The 4,000 foot wide and almost 600 foot deep Meteor Crater owes its startlingly lunar aspect to both a relatively young age, about 40,000 years, and the arid climate of the northern Arizona desert in which it is situated.

Meteors or “shooting stars” are space particles that have either been left behind by comets, or broken off from asteroids. Meteors orbiting the Sun are called meteoroids and are made of rocks and chunks of metal like iron and nickel.

A falling meteor is spectacular to watch as it leaves a bright trail of light across the sky called a fireball.

Sometimes the Earth passes through a stream of meteors called a meteor shower. Meteor showers can be seen in the sky almost on the same date each year. The best ones occur around January 3, August 12, and December 14.
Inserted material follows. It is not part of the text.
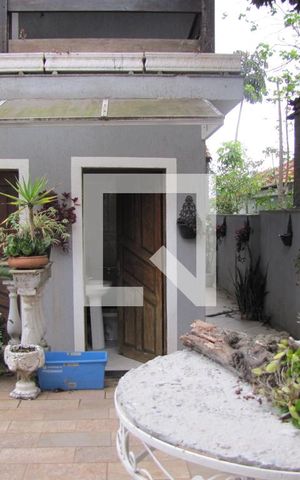 Casa à venda com 413m², 5 quartos e 6 vagasQuintal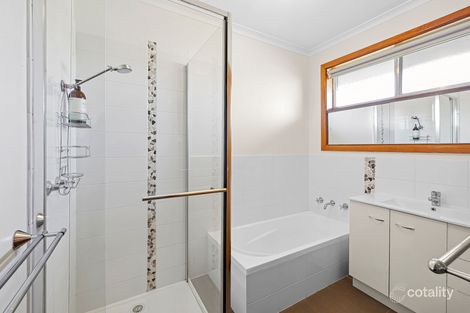 Property photo of 332 Forest Street Wendouree VIC 3355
Millions of meteoroids enter the Earth’s atmosphere, but most burn up before they reach the surface of the Earth. Sometimes, however, a large meteor does not completely burn, and what is left crashes to Earth. A meteoroid that lands on Earth is called a meteorite.

Large meteorites have landed in South Africa, Antarctica, Russia, Canada and many other places. Because the small ones may look like dark colored Earth rocks, many meteorites land on Earth undetected.

The larger meteorites, however, leave craters in the Earth like the Barringer Meteor Crater in Arizona. This crater was created by the mainly nickel-iron Canyon Diablo Meteorite – about 55 yards (50 meters) in diameter and weighed approximately 150,000 tons – that fell to Earth almost 40,000 years ago. Meteor Crater is the first proven and best-preserved impact site on earth. In 1968, Meteor Crater was designated a Natural Landmark by the Department of the Interior.